__PROBLEM STATEMENT__
Each entry needs to be repeated exactly, with nothing added or removed.
################
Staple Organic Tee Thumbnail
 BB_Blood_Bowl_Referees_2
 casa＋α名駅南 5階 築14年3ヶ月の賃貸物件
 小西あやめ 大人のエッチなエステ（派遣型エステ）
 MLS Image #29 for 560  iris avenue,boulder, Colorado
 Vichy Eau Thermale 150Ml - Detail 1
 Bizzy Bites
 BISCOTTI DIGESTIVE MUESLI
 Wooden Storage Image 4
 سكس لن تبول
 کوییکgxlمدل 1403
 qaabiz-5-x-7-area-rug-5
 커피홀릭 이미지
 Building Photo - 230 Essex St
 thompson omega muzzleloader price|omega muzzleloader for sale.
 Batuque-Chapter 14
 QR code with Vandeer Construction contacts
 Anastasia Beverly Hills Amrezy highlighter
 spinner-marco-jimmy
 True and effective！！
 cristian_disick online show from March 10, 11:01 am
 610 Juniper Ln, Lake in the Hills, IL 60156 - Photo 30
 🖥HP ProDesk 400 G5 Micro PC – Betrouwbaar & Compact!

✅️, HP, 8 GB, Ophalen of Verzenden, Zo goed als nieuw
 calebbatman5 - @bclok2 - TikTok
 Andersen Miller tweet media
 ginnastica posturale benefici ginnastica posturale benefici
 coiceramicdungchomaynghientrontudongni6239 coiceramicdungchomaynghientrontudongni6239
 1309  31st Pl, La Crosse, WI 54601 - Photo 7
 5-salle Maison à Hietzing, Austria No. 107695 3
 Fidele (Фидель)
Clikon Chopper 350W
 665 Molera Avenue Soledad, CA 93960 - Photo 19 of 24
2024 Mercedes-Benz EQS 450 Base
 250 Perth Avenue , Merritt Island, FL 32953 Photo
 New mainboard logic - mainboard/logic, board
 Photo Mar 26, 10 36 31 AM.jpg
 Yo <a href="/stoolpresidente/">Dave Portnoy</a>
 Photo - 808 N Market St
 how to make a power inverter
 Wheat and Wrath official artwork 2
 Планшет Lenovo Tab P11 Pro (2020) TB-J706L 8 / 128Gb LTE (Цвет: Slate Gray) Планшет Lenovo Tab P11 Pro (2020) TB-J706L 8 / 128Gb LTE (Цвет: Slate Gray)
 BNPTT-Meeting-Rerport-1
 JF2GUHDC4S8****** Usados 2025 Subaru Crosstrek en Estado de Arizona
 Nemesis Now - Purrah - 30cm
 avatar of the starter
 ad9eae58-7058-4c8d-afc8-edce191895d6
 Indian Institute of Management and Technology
################
__TASK RESULT__
Staple Organic Tee Thumbnail
 BB_Blood_Bowl_Referees_2
 casa＋α名駅南 5階 築14年3ヶ月の賃貸物件
 小西あやめ 大人のエッチなエステ（派遣型エステ）
 MLS Image #29 for 560  iris avenue,boulder, Colorado
 Vichy Eau Thermale 150Ml - Detail 1
 Bizzy Bites
 BISCOTTI DIGESTIVE MUESLI
 Wooden Storage Image 4
 سكس لن تبول
 کوییکgxlمدل 1403
 qaabiz-5-x-7-area-rug-5
 커피홀릭 이미지
 Building Photo - 230 Essex St
 thompson omega muzzleloader price|omega muzzleloader for sale.
 Batuque-Chapter 14
 QR code with Vandeer Construction contacts
 Anastasia Beverly Hills Amrezy highlighter
 spinner-marco-jimmy
 True and effective！！
 cristian_disick online show from March 10, 11:01 am
 610 Juniper Ln, Lake in the Hills, IL 60156 - Photo 30
 🖥HP ProDesk 400 G5 Micro PC – Betrouwbaar & Compact!

✅️, HP, 8 GB, Ophalen of Verzenden, Zo goed als nieuw
 calebbatman5 - @bclok2 - TikTok
 Andersen Miller tweet media
 ginnastica posturale benefici ginnastica posturale benefici
 coiceramicdungchomaynghientrontudongni6239 coiceramicdungchomaynghientrontudongni6239
 1309  31st Pl, La Crosse, WI 54601 - Photo 7
 5-salle Maison à Hietzing, Austria No. 107695 3
 Fidele (Фидель)
Clikon Chopper 350W
 665 Molera Avenue Soledad, CA 93960 - Photo 19 of 24
2024 Mercedes-Benz EQS 450 Base
 250 Perth Avenue , Merritt Island, FL 32953 Photo
 New mainboard logic - mainboard/logic, board
 Photo Mar 26, 10 36 31 AM.jpg
 Yo <a href="/stoolpresidente/">Dave Portnoy</a>
 Photo - 808 N Market St
 how to make a power inverter
 Wheat and Wrath official artwork 2
 Планшет Lenovo Tab P11 Pro (2020) TB-J706L 8 / 128Gb LTE (Цвет: Slate Gray) Планшет Lenovo Tab P11 Pro (2020) TB-J706L 8 / 128Gb LTE (Цвет: Slate Gray)
 BNPTT-Meeting-Rerport-1
 JF2GUHDC4S8****** Usados 2025 Subaru Crosstrek en Estado de Arizona
 Nemesis Now - Purrah - 30cm
 avatar of the starter
 ad9eae58-7058-4c8d-afc8-edce191895d6
 Indian Institute of Management and Technology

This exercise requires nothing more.